TASK TO COMPLETE
Below are the records; repeat exactly their lines between the line holding "Utilizing expanded glazing" and the line holding "Take a look", inclusive, skipping the pictures.

GIVEN DATA
::::

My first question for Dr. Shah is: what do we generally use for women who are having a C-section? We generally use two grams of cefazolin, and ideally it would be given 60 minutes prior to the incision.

::::

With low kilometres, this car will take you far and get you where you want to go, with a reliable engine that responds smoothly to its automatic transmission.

::::

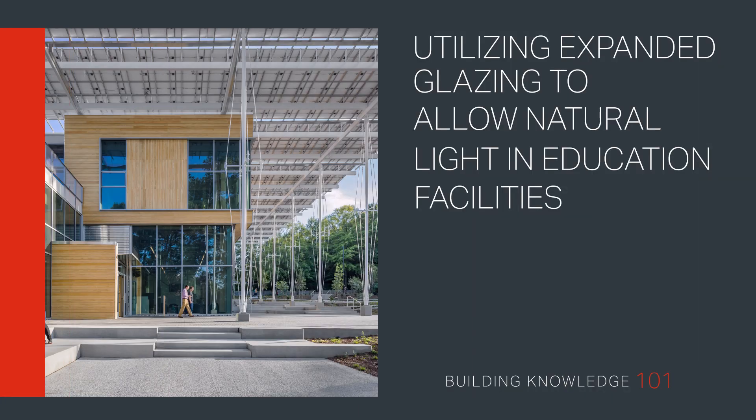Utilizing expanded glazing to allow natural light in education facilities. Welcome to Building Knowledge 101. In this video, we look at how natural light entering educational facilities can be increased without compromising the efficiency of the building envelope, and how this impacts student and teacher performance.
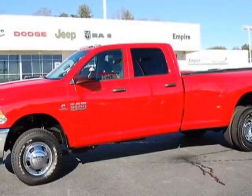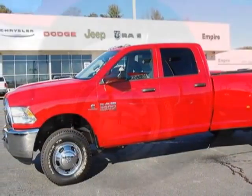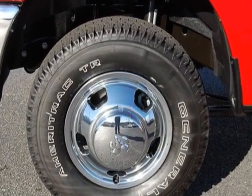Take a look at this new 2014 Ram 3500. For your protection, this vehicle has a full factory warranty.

::::

FINISHED EXERCISE
Utilizing expanded glazing to allow natural light in education facilities. Welcome to Building Knowledge 101. In this video, we look at how natural light entering educational facilities can be increased without compromising the efficiency of the building envelope, and how this impacts student and teacher performance.
Take a look at this new 2014 Ram 3500. For your protection, this vehicle has a full factory warranty.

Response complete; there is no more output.